# New Bathroom Tile - Cementboard for Tile - Keep Linoleum?



## manbehindthecurtain (Feb 24, 2013)

First time DIYer...

Finished ripping out the fixtures and disconnecting the cast iron tub in my third floor bathroom yesterday. I am planning on installing a subway/hex tile floor, where there currently is very old (probably 1970s) vinyl flooring installed.  Will likely keep the cast iron tub, but add a shower attachment to it - we need to move the plumbing to the other side of the room - I'll be hiring a plumber for that. Re: the floor, we originally planned on removing the vinyl floor, putting in cement board on existing subfloor, then tiling. The vinyl is not cooperating with plan A.
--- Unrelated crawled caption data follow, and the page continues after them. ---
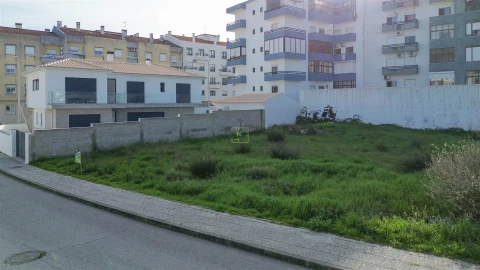 Terreno para Venda em Castelo Branco
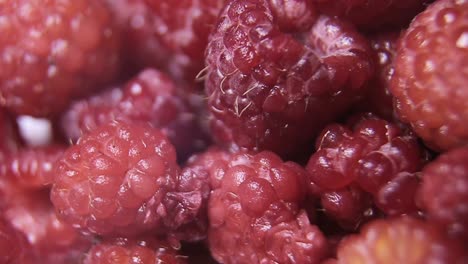 raspberry fruit background. close up of raspberry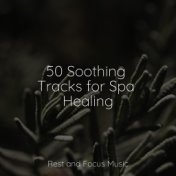 50 Soothing Tracks for Spa Healing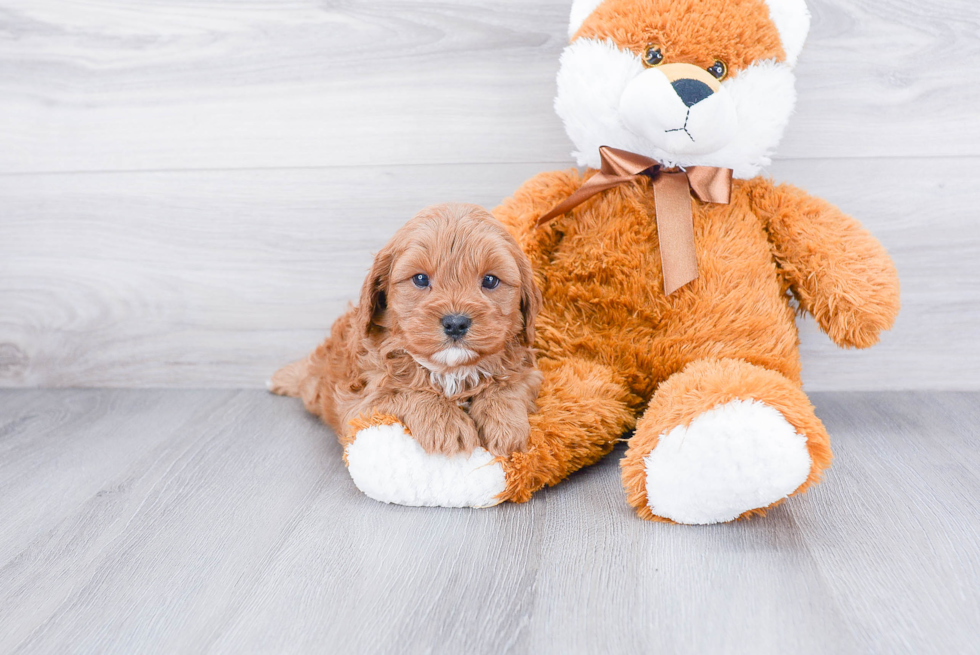 Small Cavapoo Baby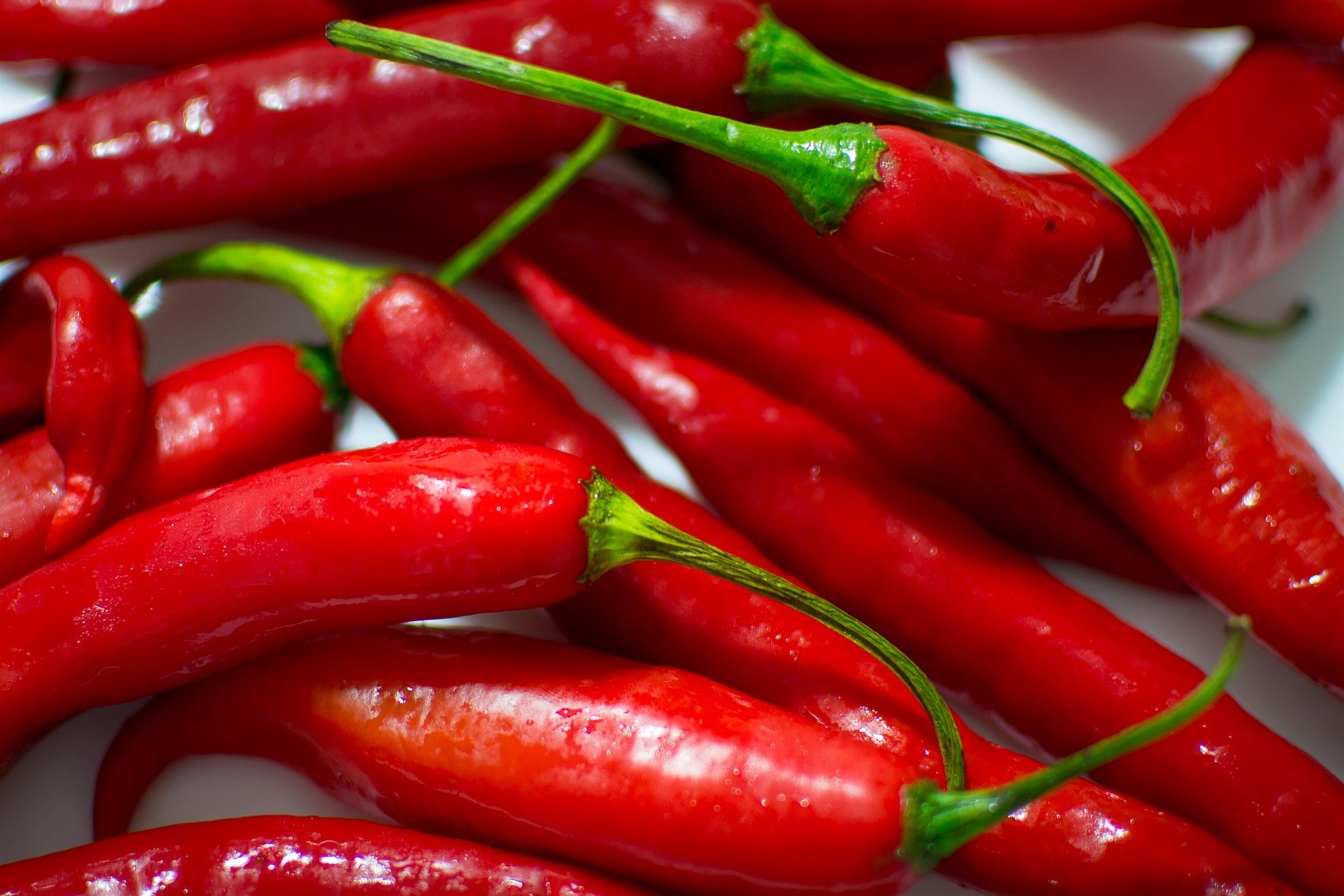 Peluang Bisnis Cabai Merah: Pedasnya Keuntungan di Setiap Tingkatan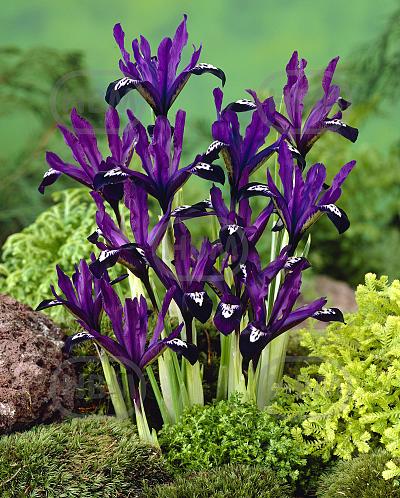 Reticulata Purple Gem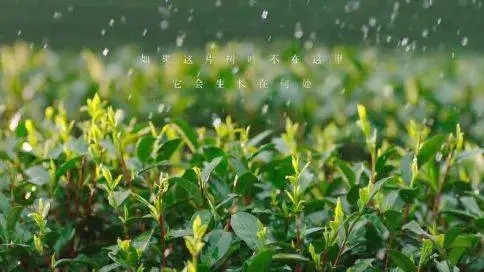 龍塢創(chuàng)意宣傳片《龍塢問茶詩》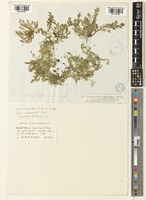 Selaginella leptophylla Baker [family SELAGINELLACEAE]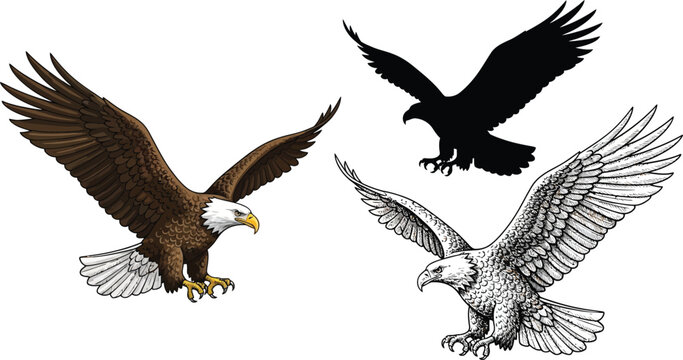 Collection of flying bald eagles featuring detailed color vintage engraving and silhouette styles ideal for patriotic emblems logos or wildlife illustrations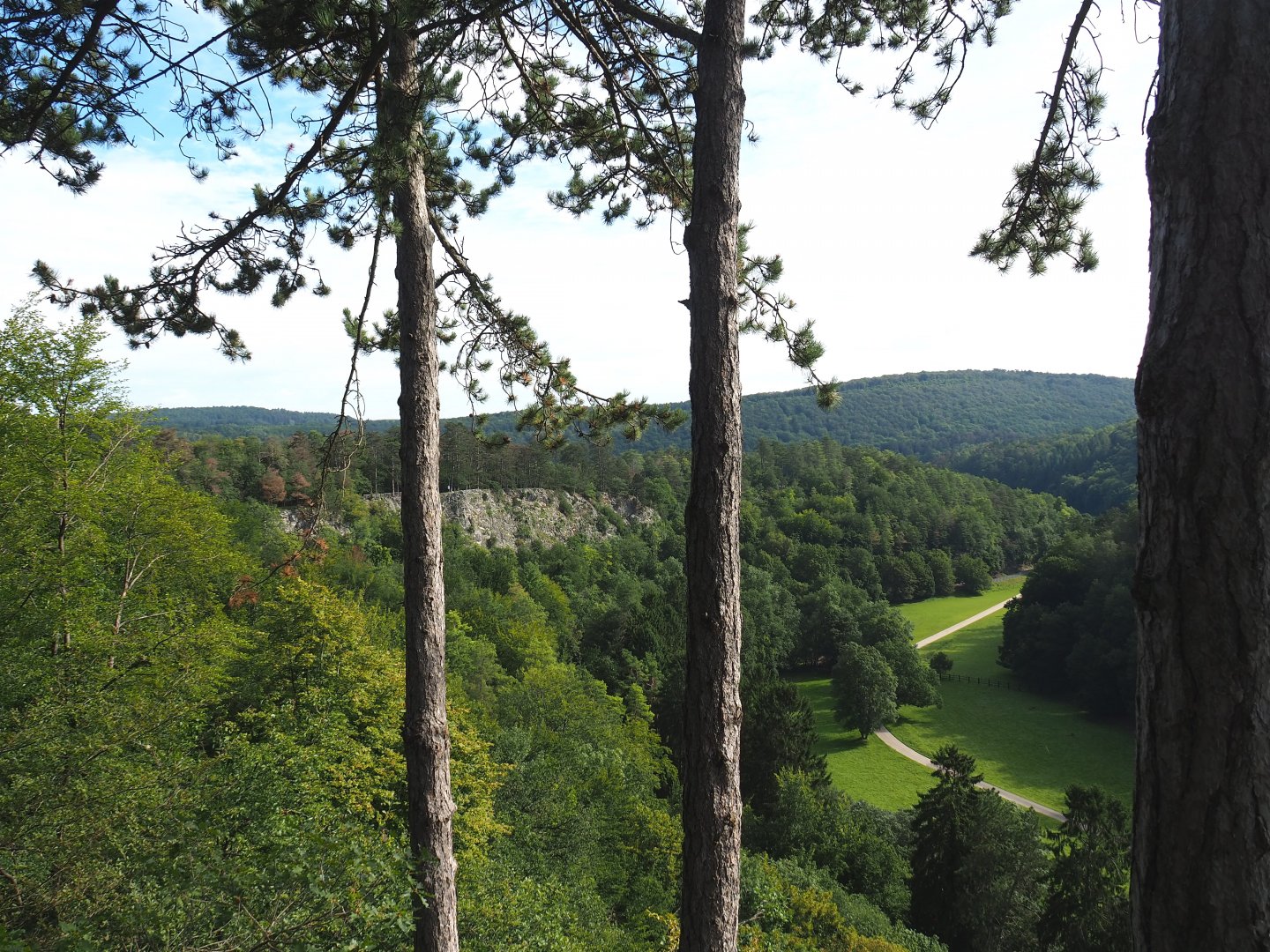 Landscape view of the Lesse Valley and the lower part of the wildlife park seen from the canopy trail, 2021-08-15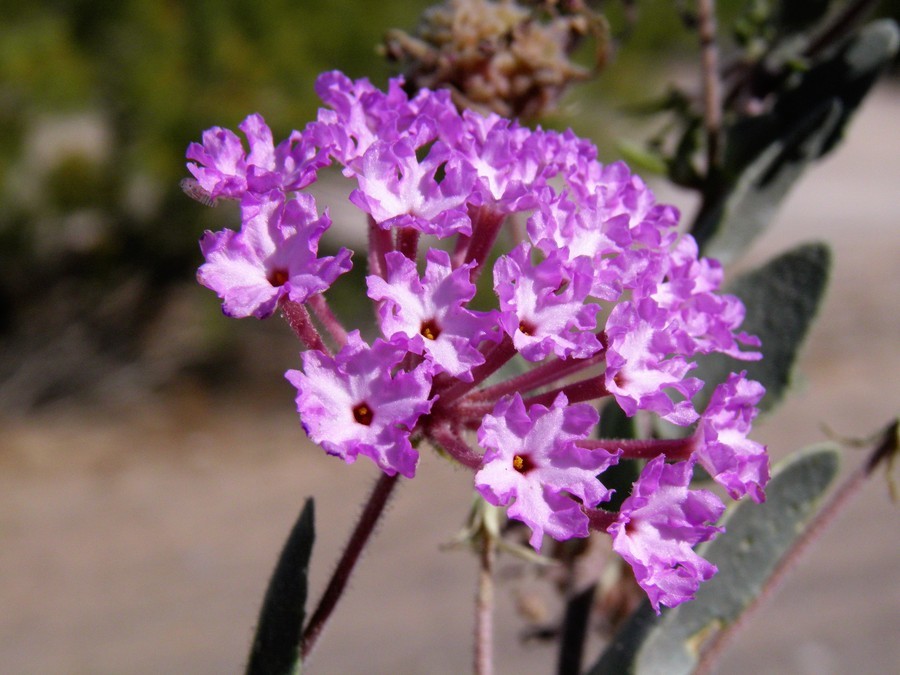 Image of purple sand verbena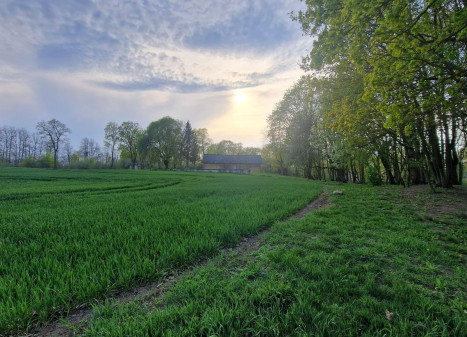 Parduodamas namas Vadaktų k., Panevėžio r. sav., 105.00 m² ploto 6 kambariai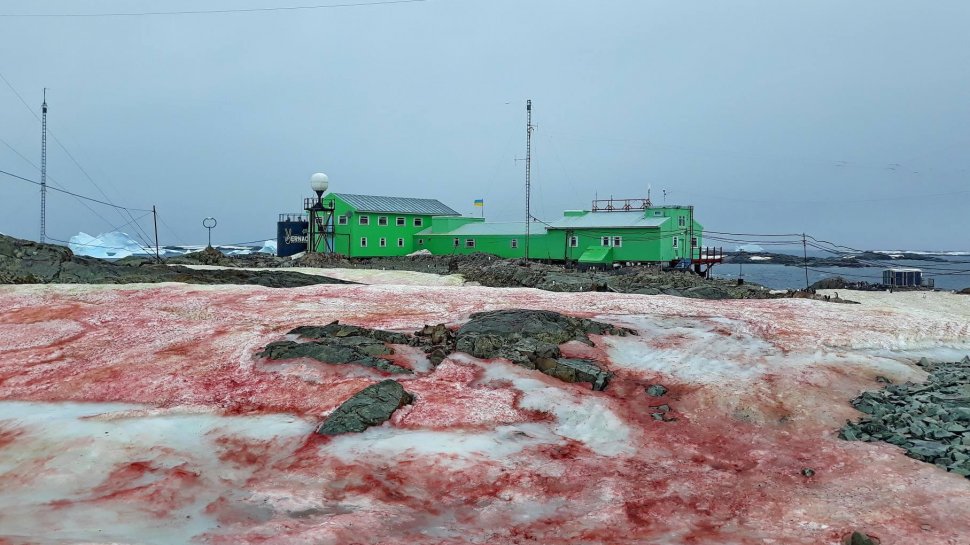 Zăpada roșie în Antarctica. Fenomenul uluitor i-a luat pe toți prin surprindere
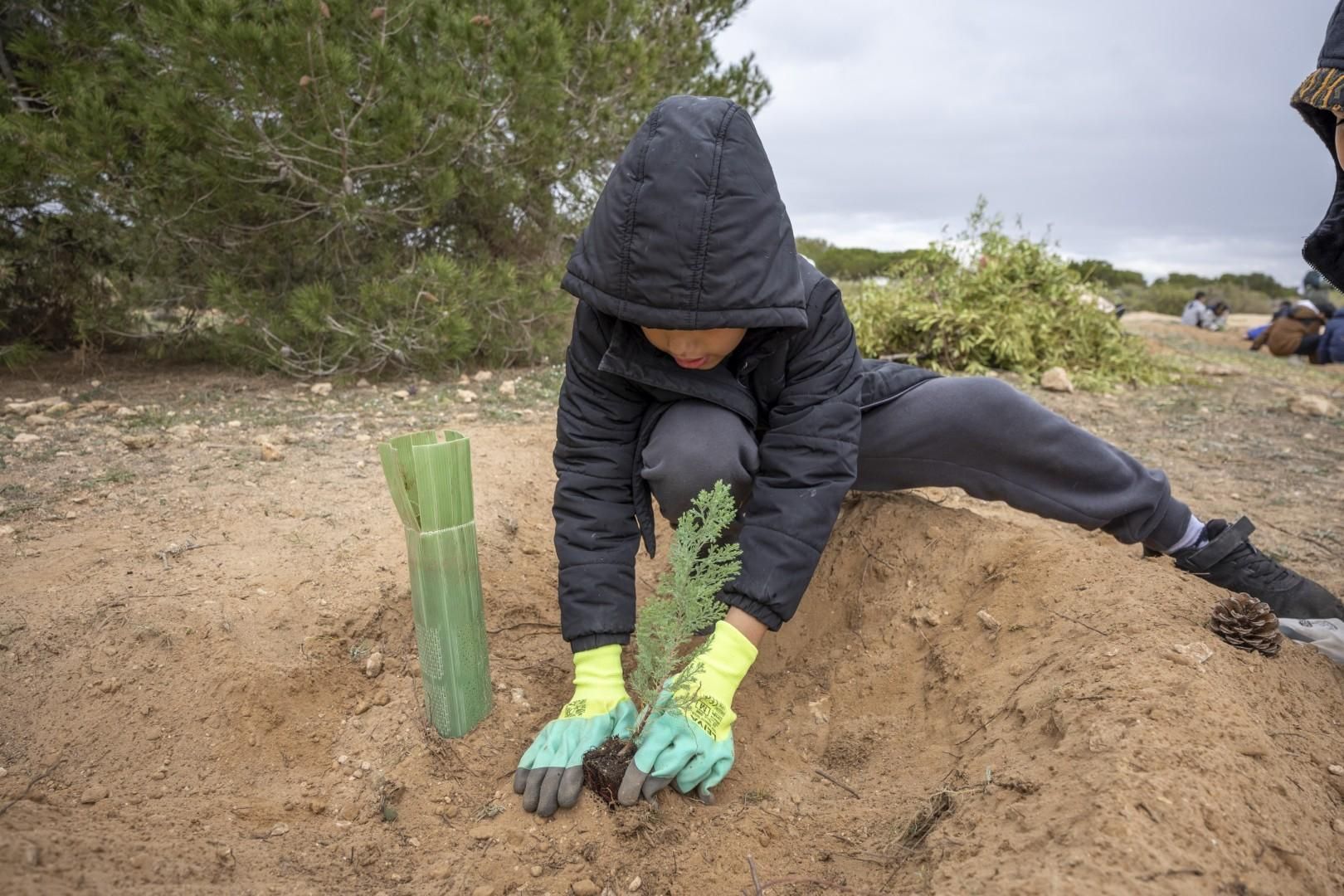 Jornada escolar plantación de especies autóctonas junto al parque natural de las lagunas de Torrevieja y La Mata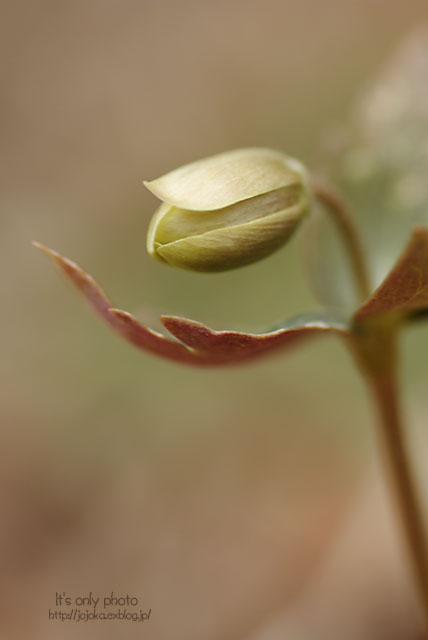e0008800_1640372.jpg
I used a heat gun to start pulling up the vinyl, but all that comes up is the top layer, and the foamy/glue back of the vinyl stays behind. Additional elbow grease with the scraper only leads to splintering up a couple of millimeters of the subfloor. I did about two square feet in this manor before deciding to check with cooler heads whether I should keep going as planned. If I keep at it, the subfloor is going to be pretty scraped up and not level. 

I'm considering the following alternatives:

1) Give up on pulling up vinyl, and apply thinset to vinyl, install cementboard, continue as planned with tiling. (Downside here is lower quality bond and built up floor right?)

2) Keep going and see how bad the sub floor looks when I'm done. Will likely require some form of self leveling compound before applying cement board. Is this feasible?

3) Use a saw to pull up and replace entire subfloor. I am very uncomfortable doing this.

Any feedback would be appreciated. I am leaning towards #1. A couple other issues:

1) There is a 1# bow in the floor from wall to wall as it is, so I am considering a leveling compound anyway. How much does this add to height? Can I still thinset and cement board effectively over top of a leveling compound?

2) No matter what, I am going to have to shorten my bathroom door - it barely clears the vinyl as it is.

Thanks


----------



## CallMeVilla (Feb 24, 2013)

Put down the heat gun and and back slowly away!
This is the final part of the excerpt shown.